• **WHAT IS REQUIRED**
Restate all the data word for word and omit the pictures.

[Collected data]
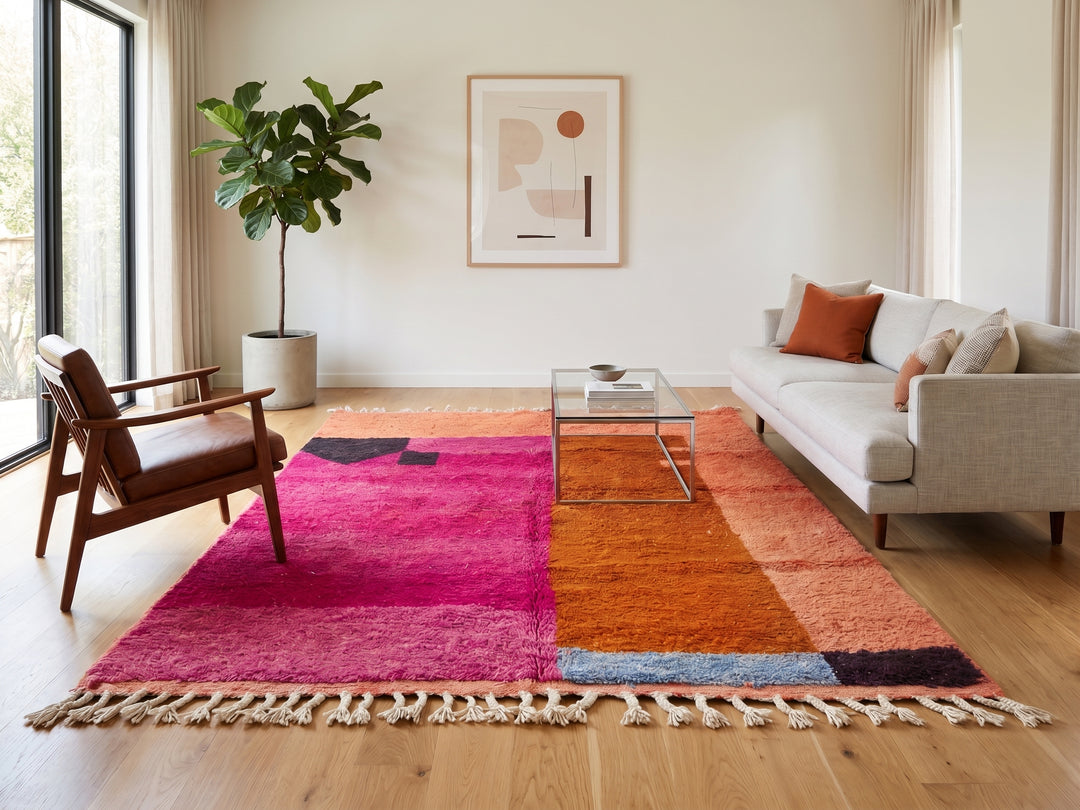 Handwoven Moroccan wool rug in magenta pink and burnt orange color blocks with black and blue accents, fringed ends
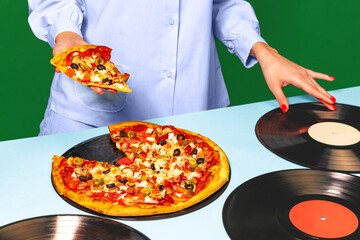 Food pop art photography. Female hands with italian pizza lying on vinyl discs on light tablecloth...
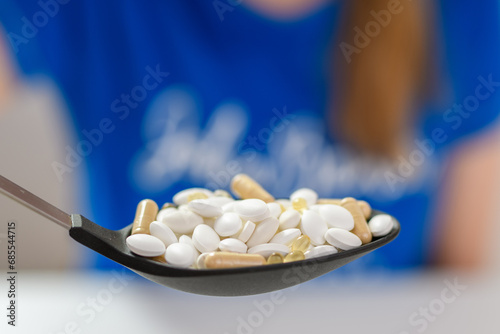 Łyżka kuchenna wypełniona lekami - tabletkami i kapsułkami 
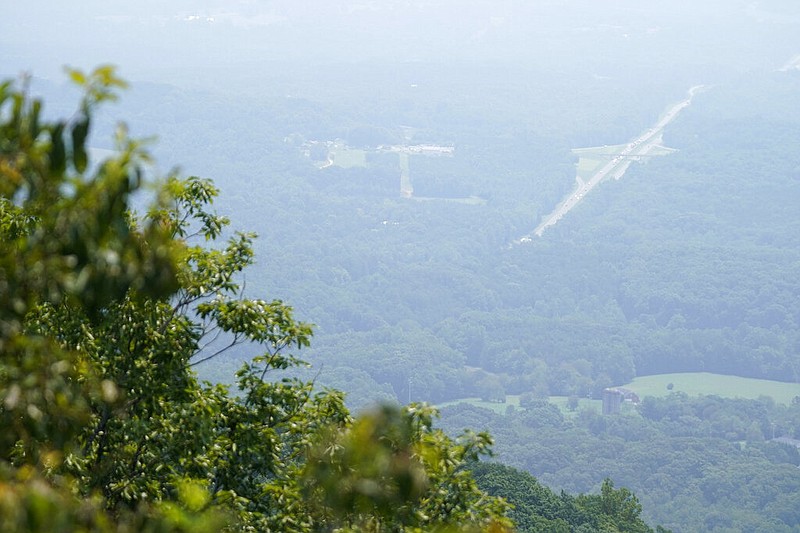 A smoky haze from western wildfires shrouds the valley and U.S. 52 below Pilot Mountain State Park, N.C., in this July 22, 2021, file photo. Hazy air has been reported across the country because of wildfires on the West Coast. (AP/Gerry Broome)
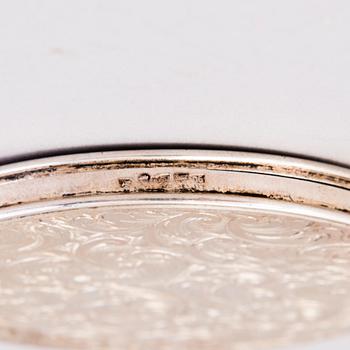 Two silver evening bags and a silver mirror, 1920s-1940s.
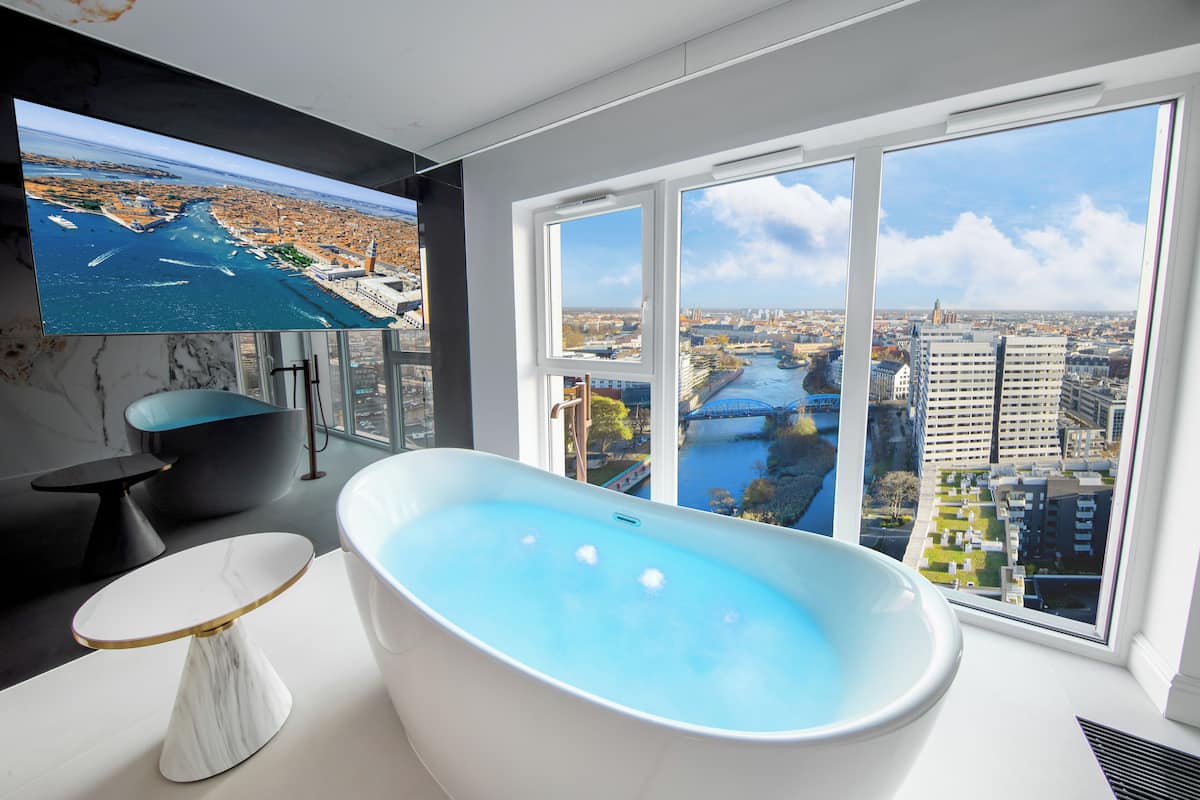 Ein modernes Badezimmer mit freistehender Badewanne, einem Tisch mit Marmorplatte und einem großen Fenster mit Blick auf die Stadt.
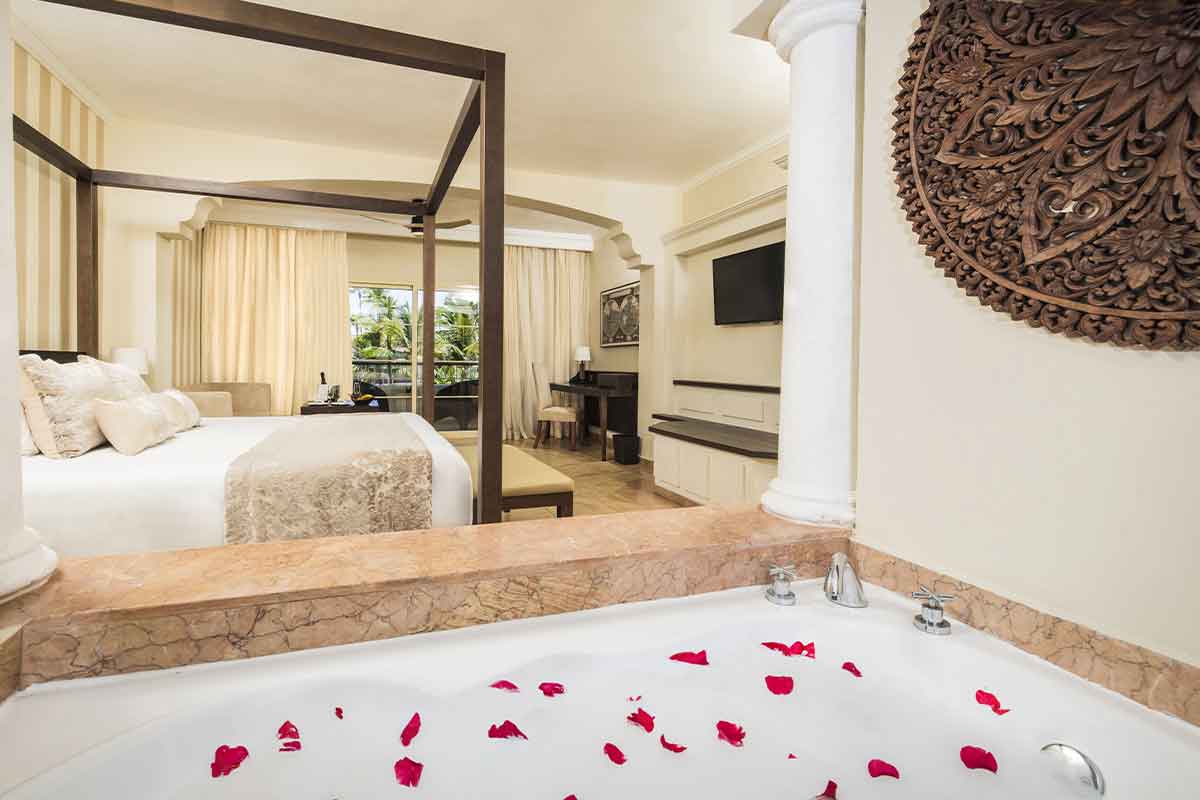 Jacuzzi en interior de habitación con petalos de rosa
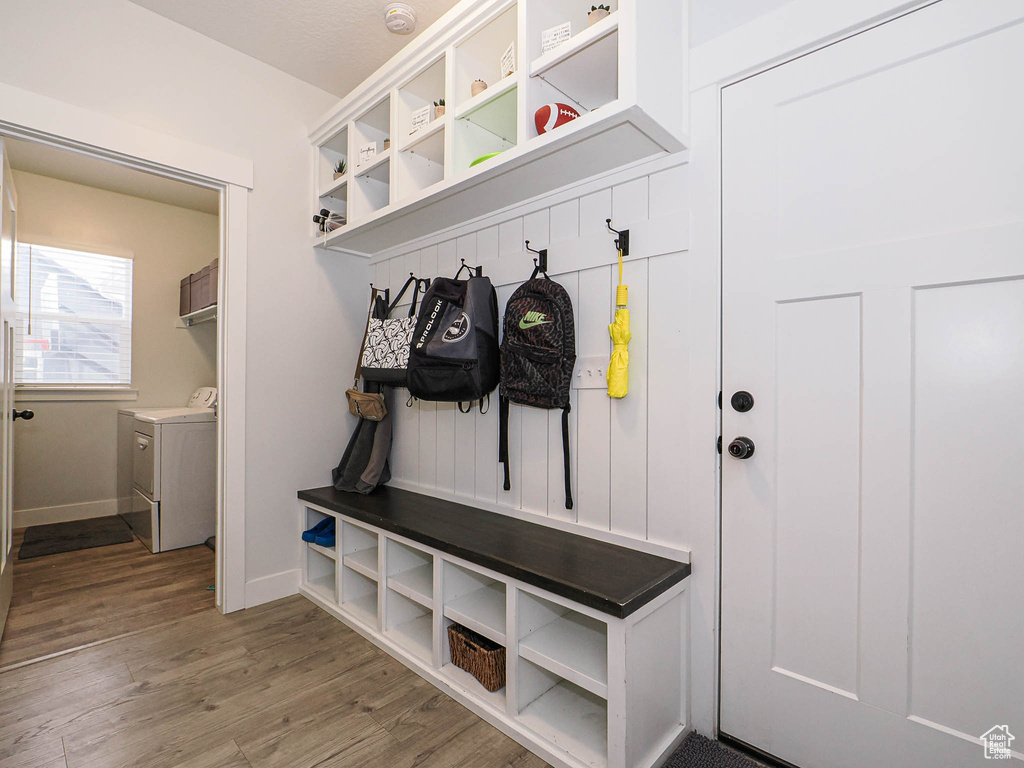 Mudroom with washing machine and clothes dryer and light wood-style flooring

• **SOLUTION FOR THIS TASK**
 Handwoven Moroccan wool rug in magenta pink and burnt orange color blocks with black and blue accents, fringed ends
 Food pop art photography. Female hands with italian pizza lying on vinyl discs on light tablecloth...
 Łyżka kuchenna wypełniona lekami - tabletkami i kapsułkami 
 A smoky haze from western wildfires shrouds the valley and U.S. 52 below Pilot Mountain State Park, N.C., in this July 22, 2021, file photo. Hazy air has been reported across the country because of wildfires on the West Coast. (AP/Gerry Broome)
 Two silver evening bags and a silver mirror, 1920s-1940s.
 Ein modernes Badezimmer mit freistehender Badewanne, einem Tisch mit Marmorplatte und einem großen Fenster mit Blick auf die Stadt.
 Jacuzzi en interior de habitación con petalos de rosa
 Mudroom with washing machine and clothes dryer and light wood-style flooring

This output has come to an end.